Ce texte sera publié dans les actes du colloque “Jouer ou Apprendre ?”, qui s’est tenu au mois de mai à Chamonix. Mon intervention ayant été improvisée à partir de notes succinctes, ce texte en est une reconstruction a posteriori, qui s’éloigne sans doute parfois de ce qui a été effectivement dit – ou de ce que d’autres s’en rappellent. Je m’en excuse par avance.

Historien, professeur d’économie et de sociologie en lycée, je suis aussi auteur de nombreux jeux de société, mais j’ai toujours pris grand soin de maintenir entre ces deux activités une frontière relativement étanche, de garder deux casquettes.
Mes élèves savent que je suis joueur, et auteur de jeux. Dans mes cours d’économie, je cite souvent comme exemple le marché du jeu, et les éditeurs de jeux de société, que je connais bien. Ils sont de bonnes illustrations des problèmes de saisonnalité, des calculs de coûts de production, des réflexions sur l’externalisation.
Je suis convaincu que l’histoire du jeu, encore très marginale, pourrait être plus développée – mes premiers travaux universitaires traitaient d’ailleurs de l’évolution des règles du jeu d’échecs, et – ce qui était encore plus amusant – des théories sur l’origine de ce jeu, au Moyen-Âge et à la Renaissance.
Le jeu est aussi un thème intéressant, souvent abordé bien qu’il ne soit pas en tant que tel dans les programmes, dans l’enseignement de la philosophie. Pascal, dont je reparlerai, passe très bien dans les classes de terminale.
Les enseignants de mathématique abordent certes ce qu’ils appellent la théorie des jeux, mais c’est en fait la théorie des choix, des décisions, de beaucoup  de choses qui sont loin d’être toujours des jeux.

Le jeu a bonne presse aujourd’hui, en particulier dans l’éducation. Les «serious games» – un pléonasme déguisé en oxymore car le jeu est toujours pratiqué avec sérieux – sont de tous les doctes stages pédagogiques, même si – heureusement peut-être – bien peu d’enseignants ont vraiment les moyens de les utiliser.

Si le jeu comme thème ne me pose aucun problème, le jeu comme outil d’enseignement au lycée me semble en effet plus problématique. Mon point de vue serait sans doute différent si j’enseignais dans le primaire, où le jeu peut faire gagner du temps, ou à l’université, où des savoirs plus pointus, plus formalisés et mieux maîtrisés peuvent rendre le jeu plus utile. Le jeu pédagogique me pose problème pour trois raisons. D’abord, il remet en cause la nature même du jeu, qui doit rester un divertissement. Ensuite, il tend à renforcer la tendance au formalisme de l’enseignement actuel, en particulier en France.

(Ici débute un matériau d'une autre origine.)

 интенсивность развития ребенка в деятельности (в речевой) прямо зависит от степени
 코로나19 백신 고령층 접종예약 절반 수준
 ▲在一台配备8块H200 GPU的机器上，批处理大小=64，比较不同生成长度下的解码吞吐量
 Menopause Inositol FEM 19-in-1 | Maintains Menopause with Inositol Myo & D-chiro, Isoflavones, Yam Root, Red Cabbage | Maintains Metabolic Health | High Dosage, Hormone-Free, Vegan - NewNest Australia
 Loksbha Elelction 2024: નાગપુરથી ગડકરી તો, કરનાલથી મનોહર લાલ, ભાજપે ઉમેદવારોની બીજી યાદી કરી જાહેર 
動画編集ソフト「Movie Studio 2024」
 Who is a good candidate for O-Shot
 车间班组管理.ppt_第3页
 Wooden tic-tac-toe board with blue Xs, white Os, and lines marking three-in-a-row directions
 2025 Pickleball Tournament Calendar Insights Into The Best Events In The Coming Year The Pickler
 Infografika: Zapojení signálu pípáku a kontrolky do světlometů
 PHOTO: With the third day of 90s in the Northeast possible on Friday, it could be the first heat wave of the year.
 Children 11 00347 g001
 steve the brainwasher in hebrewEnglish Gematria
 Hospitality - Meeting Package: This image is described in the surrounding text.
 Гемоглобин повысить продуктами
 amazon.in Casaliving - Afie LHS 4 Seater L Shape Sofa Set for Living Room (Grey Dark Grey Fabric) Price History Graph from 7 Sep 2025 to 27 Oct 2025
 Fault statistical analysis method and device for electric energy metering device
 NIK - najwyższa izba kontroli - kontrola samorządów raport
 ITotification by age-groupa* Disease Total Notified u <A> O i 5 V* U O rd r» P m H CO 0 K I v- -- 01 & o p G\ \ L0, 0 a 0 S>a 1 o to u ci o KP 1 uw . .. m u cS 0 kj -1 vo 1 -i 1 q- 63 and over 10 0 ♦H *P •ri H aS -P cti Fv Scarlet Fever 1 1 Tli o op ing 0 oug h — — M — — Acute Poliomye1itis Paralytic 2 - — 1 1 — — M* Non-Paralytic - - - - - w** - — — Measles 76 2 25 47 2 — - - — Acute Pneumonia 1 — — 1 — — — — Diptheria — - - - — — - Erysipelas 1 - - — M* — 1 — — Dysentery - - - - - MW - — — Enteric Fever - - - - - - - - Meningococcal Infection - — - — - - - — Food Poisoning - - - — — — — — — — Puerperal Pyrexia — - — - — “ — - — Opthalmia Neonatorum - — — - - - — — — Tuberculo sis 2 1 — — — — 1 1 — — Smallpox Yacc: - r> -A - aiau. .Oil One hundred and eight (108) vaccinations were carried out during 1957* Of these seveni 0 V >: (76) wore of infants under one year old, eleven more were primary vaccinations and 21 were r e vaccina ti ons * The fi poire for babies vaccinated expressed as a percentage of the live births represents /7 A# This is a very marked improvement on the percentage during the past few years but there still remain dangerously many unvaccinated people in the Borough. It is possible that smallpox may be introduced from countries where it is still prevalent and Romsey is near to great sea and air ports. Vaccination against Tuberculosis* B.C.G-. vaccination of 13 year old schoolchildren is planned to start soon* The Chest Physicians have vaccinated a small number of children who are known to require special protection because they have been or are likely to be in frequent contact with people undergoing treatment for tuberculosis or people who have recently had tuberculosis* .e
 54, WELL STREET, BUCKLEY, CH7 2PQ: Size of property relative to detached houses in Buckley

Enfin, il implique une telle perte de temps qu’il peut remettre en cause la fonction essentielle de l’enseignement, apprendre à penser, à comprendre, à réfléchir, à prendre du recul.

1) Le jeu comme divertissement pascalien

Le jeu comme divertissement (Pascal) comme anxiolytique de plus en plus nécessaire dans une société de plus en plus complexe (Durkheim), doit pour remplir son rôle rester vain, rester à l’écart du monde réel.
Si je suis joueur, c’est parce que je me pose des questions à côté du jeu, des questions sur le monde, le reste du temps. J’ai donc besoin d’une frontière claire entre ce qui relève du jeu et ce qui relève du monde réel – qui n’est pas seulement le travail. Je crois que nous avons tous besoin de cette limite.
Les élèves sont bien conscients de cette distinction, et se méfient avec raison des jeux pédagogiques. Quand on leur dit “on va jouer pour apprendre”, ils sentent l’arnaque. Ils savent bien qu’on leur dit qu’on va jouer, mais qu’en fait on est toujours là pour apprendre, pour travailler, que ce n’est pas du jeu. Ils ont donc une réaction de rejet face à ce qu’ils perçoivent – largement à raison – comme une tricherie.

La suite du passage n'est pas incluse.